Wir erreichten Baltimore nach Einbruch der Dunkelheit und stiegen aus den Waggons aus, um durch die Stadt zum Washington-Bahnhof zu marschieren. Riesige Menschenmassen erwarteten uns am Bahnhof und die Straßen waren gesäumt von Leuten, die nach Jeff Davis schrien und uns rundheraus beleidigten. Aber wir sagten kein Wort und trotteten weiter. Gouverneur Sprague war bei uns und es wurden viele Fragen über ihn gestellt, aber wir erinnerten uns an unsere Befehle, mit niemandem zu sprechen und so nahmen wir keine Notiz von den Leuten und ihrem Gerede. Der Marsch brachte mich beinahe um, denn mein Tornister war so schwer, dass ich mich kaum bewegen konnte, aber die Angst vor den Leuten hinderte mich daran, aus der Reihe zu fallen und schließlich erreichten wir den Washington-Bahnhof. Hier bestiegen wir die Waggons und der Rest der Nacht wurde auf der Strecke zum nur 65 Kilometer entfernten Washington verbracht.
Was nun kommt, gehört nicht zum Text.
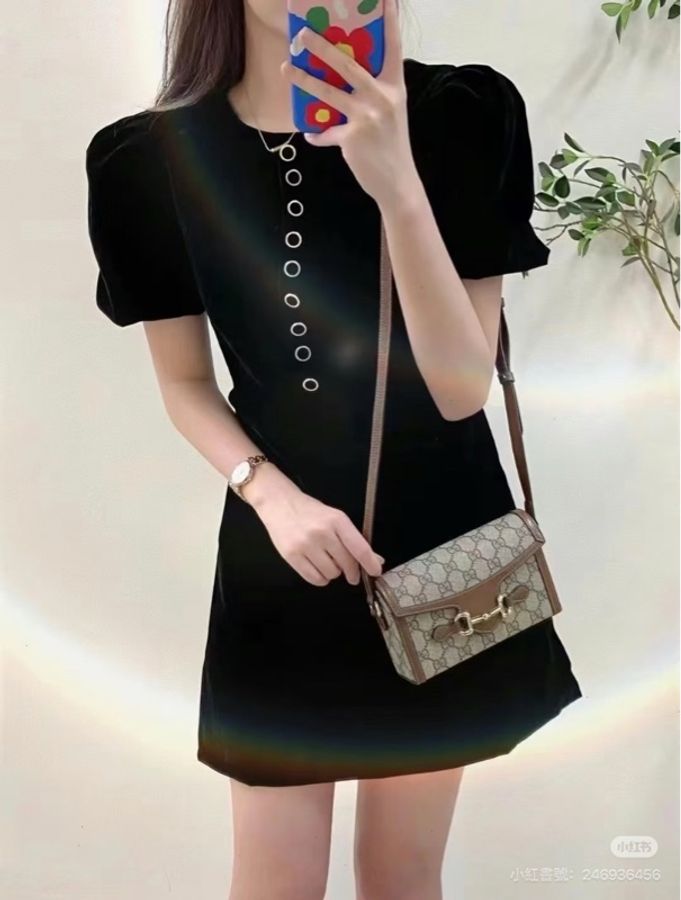 二手Gucci 古馳 Horsebit 1955 Mini 699296 單肩斜跨包 盒子包 橫版 手機包-14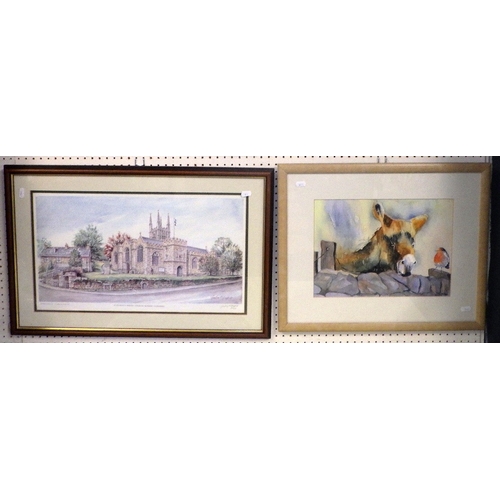 52 - An S Holdsworth signed watercolour together with further pictures and prints (7)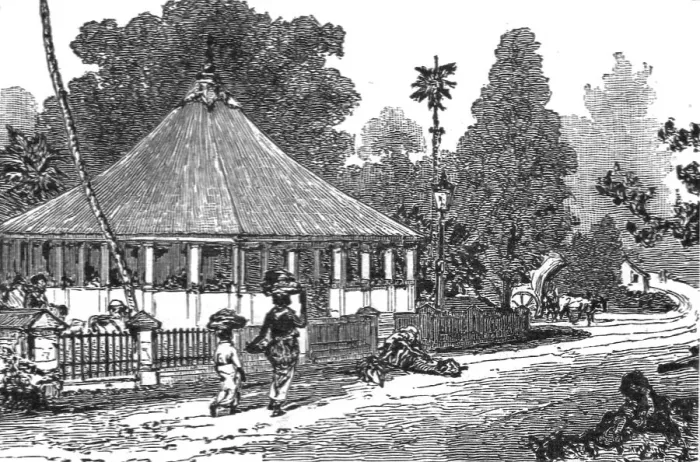 Framed Print : Free Rest House and Orchard for Poor Wayfarers in Morotto, 1891. Creator: LK van Dort Framed Print : Free Rest House and Orchard for Poor Wayfarers in Morotto, 1891. Creator: LK van Dort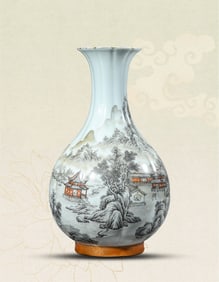 A BLACK 'LANDSCAPE AND FIGURES' VASE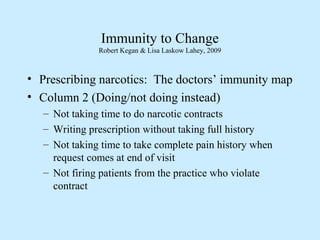 Immunity to Change
Robert Kegan & Lisa Laskow Lahey, 2009
• Prescribing narcotics: The doctors’ immunity map
• Column 2 (D...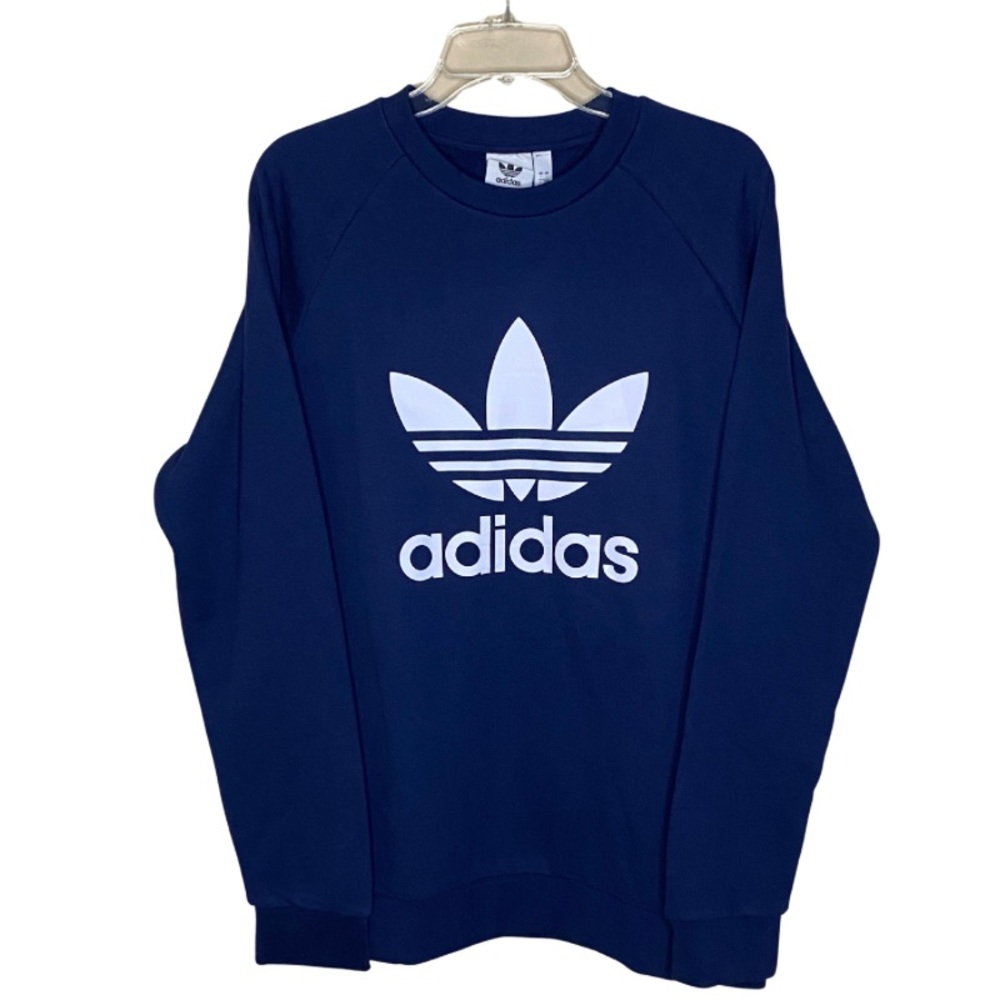 NWT Men’s Adidas Navy Blue Crew Neck Pullover Trefoil Cozy Casual Sweater Size L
Samstag, 22. Juni 1861 : Hurra, wir sind in Washington; welch eine Stadt! Schlamm, Schweine, Gänse, Neger, Paläste und Baracken überall. Wir marschierten zu einem Platz namens Gales Woods, wo wir lagern werden und wir stellten unsere Waffen in Camp Sprague, dem Lager der 1. Rhode Island Milizabteilung, zusammen. Hier wurden wir von unseren Kameraden aus Rhode Island herzlich begrüßt und erhielten Frühstück. Ich nahm mein Frühstück im „Tigers` Retreat" ein, diesen Namen haben die Unterkünfte von Kompanie "A", auch die „Staatlichen Kadetten“ des Ersten Regiments genannt, erhalten.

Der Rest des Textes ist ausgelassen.